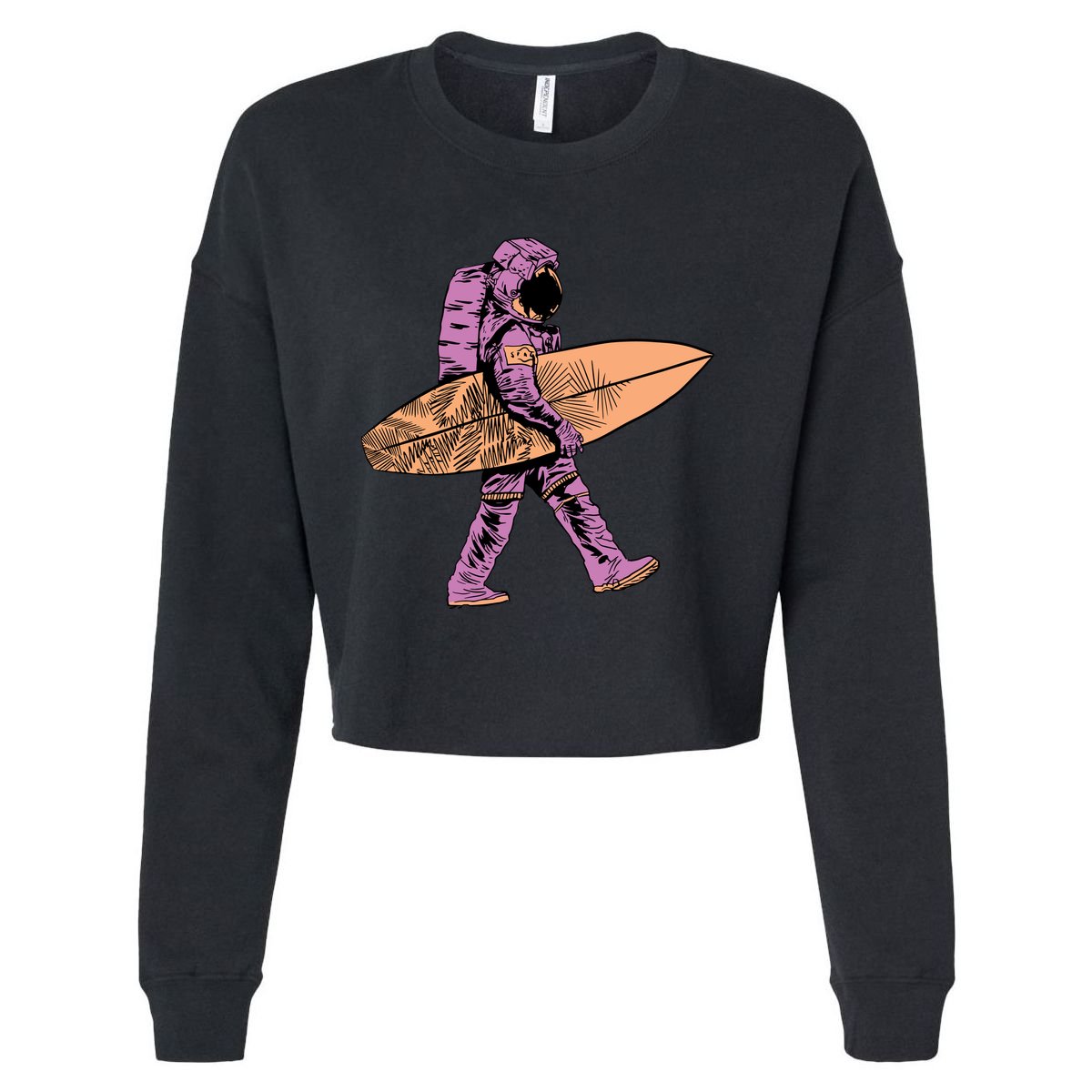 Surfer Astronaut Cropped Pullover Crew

★ ★ ★ ★ ★ ★ ★

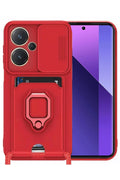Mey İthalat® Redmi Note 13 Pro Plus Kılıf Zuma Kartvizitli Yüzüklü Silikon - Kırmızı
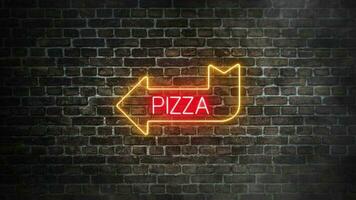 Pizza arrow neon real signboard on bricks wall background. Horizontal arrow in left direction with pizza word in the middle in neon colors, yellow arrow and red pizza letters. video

★ ★ ★ ★ ★ ★ ★

* Problem to solve *
Above are some records; quote exactly and only the lines that begin at the line containing "Mey İthalat® Redmi" and stop after the line containing "Pizza arrow neon", leaving out the pictures.

* Output below *
Mey İthalat® Redmi Note 13 Pro Plus Kılıf Zuma Kartvizitli Yüzüklü Silikon - Kırmızı
 Pizza arrow neon real signboard on bricks wall background. Horizontal arrow in left direction with pizza word in the middle in neon colors, yellow arrow and red pizza letters. video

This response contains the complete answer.